CAT denies Apple’s application to dismiss competition-based class action case

On April 12, 2024, the Competition Appeal Tribunal denied an application filed by Apple, Inc. and related entities (“collectively, Apple”) to have a competition-based class action lawsuit summarily dismissed.  Dr. Sean Ennis, who filed the suit in July 2023, now serves as the proposed class representative (“PCR”) seeking approximately $1 billion in damages on behalf of more than 1,500 app developers in the UK.  The suit accuses Apple of abusing its dominant position in the market by charging app developers excessive fees or unfair commissions in violation of UK competition law (Section 18 of the Competition Act 1998 (“18 CA98”)) and/or EU competition law (Article 102 of the Treaty of the Functioning of the European Union (“Article 102 TFEU”)).

Apple challenged the Tribunal’s jurisdiction to decide this matter on three grounds.  First, Apple challenged the Tribunal’s ability to hear collective opt-out proceedings related to commissions charged for transactions carried out through Non-UK Storefronts or Non-EU Storefronts prior to January 1, 2022, and consequently requested an order striking out that part of the proceedings, or for reverse summary judgment.  Second, Apple argued that commissions carried out through Non-UK or Non-EU Storefronts did not affect trade within the UK or between Members States and that such claims were, therefore, beyond the territorial scope of 18 CA98/Article 102 TFEU and ultimately outside of the jurisdiction of the Tribunal.  Finally, Apple requested an order to set aside the Tribunal’s decision to permit alternative service on Non-UK Proposed Defendants arguing that there were no exceptional circumstances to justify a departure from traditional service.

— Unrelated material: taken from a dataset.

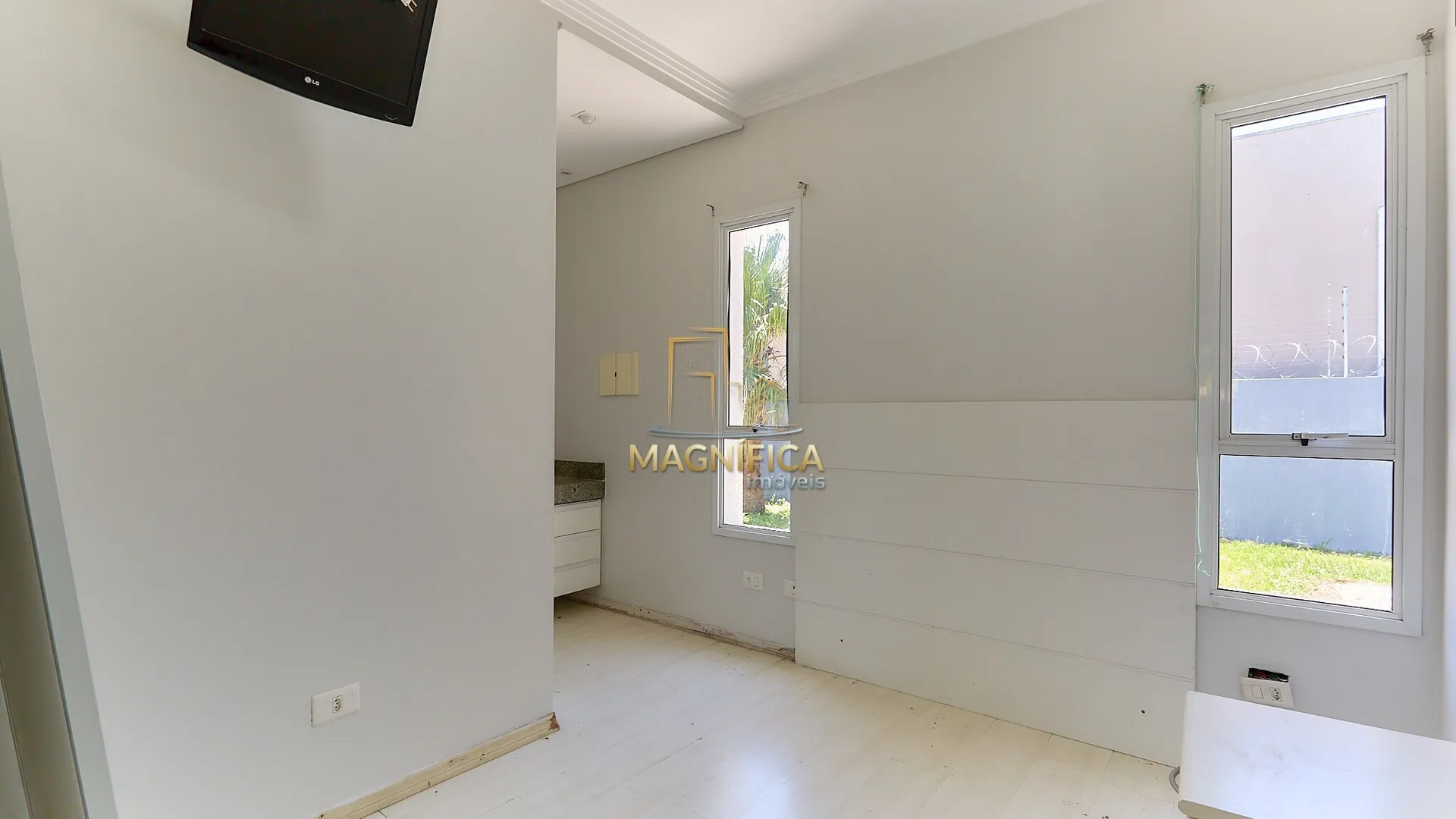 House with 4 bedrooms and 3 en-suite suites, 4 parking spaces — photo 76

The hurdle that has to be cleared in order to strike out proceedings in England is very high.  The claim (or part of the claim) has to be one that there is no realistic chance of succeeding. This does not mean that the Tribunal has to be persuaded on a balance of probability basis that the claim is more likely than not to succeed.  The Tribunal has to be persuaded that the claim is so hopeless, that the class representative should not even be allowed the opportunity to try to prove it.

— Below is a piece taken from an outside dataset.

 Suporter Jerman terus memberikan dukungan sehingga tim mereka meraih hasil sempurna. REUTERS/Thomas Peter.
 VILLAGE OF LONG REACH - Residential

The Tribunal unanimously decided not to summarily dismiss the PCR’s case. First, the Tribunal found that the PCR had a realistic prospect of successfully establishing that the “excessive” commission claims were governed by UK law and that the transactions carried out through Non-UK Storefronts were within the territorial scope of 18 CA98 and/or Article 102 TFEU.  According to the Tribunal, the PCR could reasonably meet these burdens by showing that transactions carried out through Non-UK or Non-EU Storefronts were either implemented in the EU/UK or that it was foreseeable that such transactions would have an “immediate and substantial effect” on trade in the EU/UK.  Based on the evidence provided, the CAT ultimately ruled that the Tribunal was “clearly and distinctly” the appropriate forum for a trial on the PCR’s claims concerning commissions derived from Non-UK Storefronts.

The Tribunal also denied Apple’s request to set aside the order for alternative service on Non-UK Proposed Defendants.  The Tribunal acknowledged that the PCR’s request to permit alternative service was tied to the collective proceedings in Kent v Apple Inc Case No 1403/7/7/21 (“Kent proceedings”), a separate matter before the Tribunal that deals with nearly identical issues as the current case, including competition law infringement and “unlawful” commissions charged by Apple.  In order to prevent the loss of an opportunity for the PCR to catch up with the Kent proceedings and have similar issues determined jointly, the Tribunal found that this constituted an exceptional circumstance that justified the Tribunal’s original order for alternative service.  The Tribunal also ruled that the PCR did not breach his duty of full and frank disclosure when he requested permission to serve out of the jurisdiction.